WORK TO BE COMPLETED
Below are some records. Return exactly the lines from the one containing "Once you have" through the one containing "Now, what you", both included, and only those.

SOURCE INFORMATION
^^^^

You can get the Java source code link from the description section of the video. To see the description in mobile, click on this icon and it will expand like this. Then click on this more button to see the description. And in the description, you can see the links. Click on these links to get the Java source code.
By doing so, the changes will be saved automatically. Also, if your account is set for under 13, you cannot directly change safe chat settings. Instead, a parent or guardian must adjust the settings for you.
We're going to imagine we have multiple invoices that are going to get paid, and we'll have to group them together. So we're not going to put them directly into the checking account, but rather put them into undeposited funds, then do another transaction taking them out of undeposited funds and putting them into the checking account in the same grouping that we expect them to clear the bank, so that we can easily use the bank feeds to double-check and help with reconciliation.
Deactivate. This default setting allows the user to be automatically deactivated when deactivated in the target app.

^^^^

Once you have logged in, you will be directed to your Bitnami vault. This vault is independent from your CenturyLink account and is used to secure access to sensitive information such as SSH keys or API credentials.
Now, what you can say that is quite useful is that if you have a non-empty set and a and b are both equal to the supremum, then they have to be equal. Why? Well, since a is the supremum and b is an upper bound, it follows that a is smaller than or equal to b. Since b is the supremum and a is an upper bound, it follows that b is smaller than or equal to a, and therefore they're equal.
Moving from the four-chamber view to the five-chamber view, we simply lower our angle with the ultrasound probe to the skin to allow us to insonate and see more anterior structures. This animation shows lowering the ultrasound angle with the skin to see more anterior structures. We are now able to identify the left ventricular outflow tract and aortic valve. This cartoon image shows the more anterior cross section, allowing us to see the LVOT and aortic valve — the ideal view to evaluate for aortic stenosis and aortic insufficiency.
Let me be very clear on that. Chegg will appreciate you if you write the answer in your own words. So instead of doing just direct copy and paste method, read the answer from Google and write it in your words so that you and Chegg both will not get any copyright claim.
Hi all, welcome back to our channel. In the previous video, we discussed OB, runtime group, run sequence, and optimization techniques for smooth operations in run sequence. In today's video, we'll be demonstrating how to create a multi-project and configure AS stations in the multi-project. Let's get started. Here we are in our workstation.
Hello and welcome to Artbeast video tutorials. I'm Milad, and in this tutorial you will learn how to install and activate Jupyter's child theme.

^^^^

SOLUTION TO THE PROBLEM
Once you have logged in, you will be directed to your Bitnami vault. This vault is independent from your CenturyLink account and is used to secure access to sensitive information such as SSH keys or API credentials.
Now, what you can say that is quite useful is that if you have a non-empty set and a and b are both equal to the supremum, then they have to be equal. Why? Well, since a is the supremum and b is an upper bound, it follows that a is smaller than or equal to b. Since b is the supremum and a is an upper bound, it follows that b is smaller than or equal to a, and therefore they're equal.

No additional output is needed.